Forty-five years later, a cousin of mine, Gilles, still addresses me as: "Denise, president of the Connie Francis fan club" whenever he sends me an e-mail or a birthday card.  Gilles was one of the pioneer members of my own Connie Francis Fan Club. 

IV. Waiting For A Phone Call From Connie 

After becoming a member of the official Connie Francis fan club, I received pictures, postcards and a charm bracelet with the letters in Connie's name and which I was very proud to wear.

There was a contest during that period, I think it was in one of the US magazines but I just can't remember which one. The winner would get a personal phone call from Connie Francis! I did whatever had to be done in order to be the winner. I spent a week writing and sending entry forms.  I wanted this phone call more than anything in the world but it never came. I was not the lucky winner.

Daddy used to tease me all the time about this.  He would say, when he came back from work at night:

 - “So, tell me Denise, has Connie called you today?”  

Or, if the phone rang while he was at home:

 - “Pick up the phone Denise! Maybe it's Connie!”

And even years later when I lived away from my parents, he used to ask me every now and then:

 - “So? Any sign of Connie Francis? Don't tell me she hasn't called you yet!”

 V. Connie Singing On Our Roof

In 1963, shortly after we moved from Verdun to Brossard on the south shore of the St. Lawrence River, my father made a cartoon drawing of our house and family. It was one of Connie's songs that could be heard from the roof that day on my father's drawing.

Denise's Dad's cartoon of Conniesinging  on the Roof

 VI. How I Became An Italian Just Like My Secret Sister

About three years before we moved to Brossard, I took a major decision. I wanted to understand the lyrics of Connie's Italian songs so badly. I asked my accordion teacher, Tony Michetti, to teach me how to BECOME an Italian. I said:

 - Tony, will you help me become an Italian?

 - You can't become an Italian, Denise, you're a French Canadian!

 - I know that, Tony, but let me tell you this: by this time next year you won't recognize me because I will have become a real Italian. I know there is more to it than just the language. I want it all! So please, no more French speaking to me! From now on, you talk to me in Italian only.

And he did. We were in the middle of my accordion lesson and his first words were: Alza il pollice!
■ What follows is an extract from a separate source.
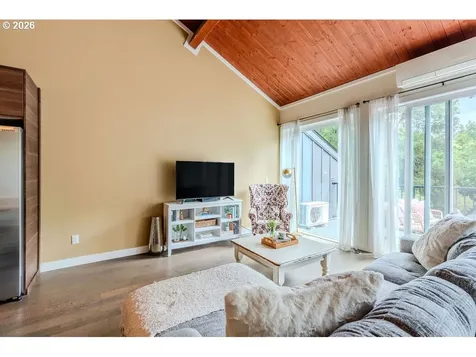4 Touchstone Lake Oswego OR 97035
But Tony's help was not enough although he always treated me like an Italian and assigned me many young Italian students to whom I taught the accordion. I needed more practice so I started visiting all the stores in what is still called Little Italy in Montreal. I was there every Saturday morning and afternoon, buying fruit, vegetables, mortadella, capicollo and cheese from Italian sellers at the Jean-Talon market, and Italian records, books, dictionaries and newspapers in several Italian boutiques. All conversations were in Italian, all the time. All the money I earned teaching the accordion was spent that way during that period.

I also called all the Italian families that I could find in the Montreal phone directory. I must have said the following at least a hundred times:

 - Mi chiamo Denise e voglio imparar' l'Italiano. Mi può aiutare Lei? (My name is Denise and I want to learn Italian. Can you help me?)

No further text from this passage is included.